Note. At the time of writing this (27 May 2024), the arXiv paper of EvoTorch reports results based on the old implementations of the brax tasks (which were the default until brax v0.1.2). In brax version v0.9.0, these old task implementations moved into the namespace brax.v1. If you wish to reproduce the results reported in the arXiv paper of EvoTorch, you might want to specify the environment name as "brax::old::humanoid" (where the substring "old::" causes VecGymNE to instantiate the environment using the namespace brax.v1), so that you will observe scores and execution times compatible with the ones reported in that arXiv paper. Please also see the mentioned arXiv paper for the hyperparameters used for the old brax environments.

problem = VecGymNE(
    env=TASK_NAME,
    network=policy,
    #
    # Collect observation stats, and use those stats to normalize incoming observations
    observation_normalization=True,
    #
    # In the case of the "humanoid" task, the agent receives an "alive bonus" of 5.0 for each
    # non-terminal state it observes. In this example, we cancel out this fixed amount of
    # alive bonus using the keyword argument `decrease_rewards_by`.
    # The amount of alive bonus changes from task to task (some of them don't have this bonus
    # at all).
    decrease_rewards_by=5.0,
    #
    # As an alternative to giving a fixed amount of alive bonus, we now enable a scheduled
    # alive bonus.
    # From timestep 0 to 400, the agents will receive no alive bonus.
    # From timestep 400 to 700, the agents will receive partial alive bonus.
    # Beginning with timestep 700, the agents will receive full (10.0) alive bonus.
    alive_bonus_schedule=(400, 700, 10.0),
    device=device,
    num_actors=num_actors,
    num_gpus_per_actor=num_gpus_per_actor,
)

problem, problem.solution_length

Initialize a PGPE to work on the problem.

Note: If you receive memory allocation error from the GPU driver, you might want to try again with: - a decreased popsize - a policy with decreased hidden size and/or number of layers (in case the policy is a neural network)

RADIUS = 2.25
MAX_SPEED = RADIUS / 15
CENTER_LR = MAX_SPEED * 0.75

POPSIZE = 4000
NUM_GENERATIONS = 1000
SAVE_INTERVAL = 20

# Instantiate a PGPE using the hyperparameters prepared above
searcher = PGPE(
    problem,
    popsize=POPSIZE,
    num_interactions=(POPSIZE * 1000 * 0.75),
    radius_init=RADIUS,
    center_learning_rate=CENTER_LR,
    optimizer="clipup",
    optimizer_config={"max_speed": MAX_SPEED},
    stdev_learning_rate=0.1,
    distributed=distributed_algorithm,
)

searcher
task_name_for_saving = TASK_NAME.split("::")[-1]
now_as_str = datetime.now().strftime("%Y-%m-%d-%H.%M.%S")
OUTPUT_DIR = f"{task_name_for_saving}_{now_as_str}_{os.getpid()}"

print("PicklingLogger will save into", OUTPUT_DIR)

We register two loggers for our PGPE instance.

  • StdOutLogger: A logger which will print out the status of the optimization.
  • PicklingLogger: A logger which will periodically save the latest result into a pickle file.
_ = StdOutLogger(searcher)
pickler = PicklingLogger(searcher, interval=SAVE_INTERVAL, directory=OUTPUT_DIR)

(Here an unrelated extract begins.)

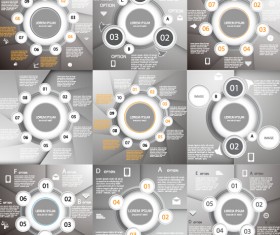 Business Infographic creative design 1740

We are now ready to start the evolutionary search.

for generation in range(1, 1 + NUM_GENERATIONS):
    t_before_step = datetime.now()
    searcher.step()
    t_after_step = datetime.now()
    print("Elapsed:", (t_after_step - t_before_step).total_seconds())
print("The run is finished.")
print("The pickle file that contains the latest result is:")
print(pickler.last_file_name)

See the notebook Brax_Experiments_Visualization.ipynb for visualizing the pickle files generated by this notebook.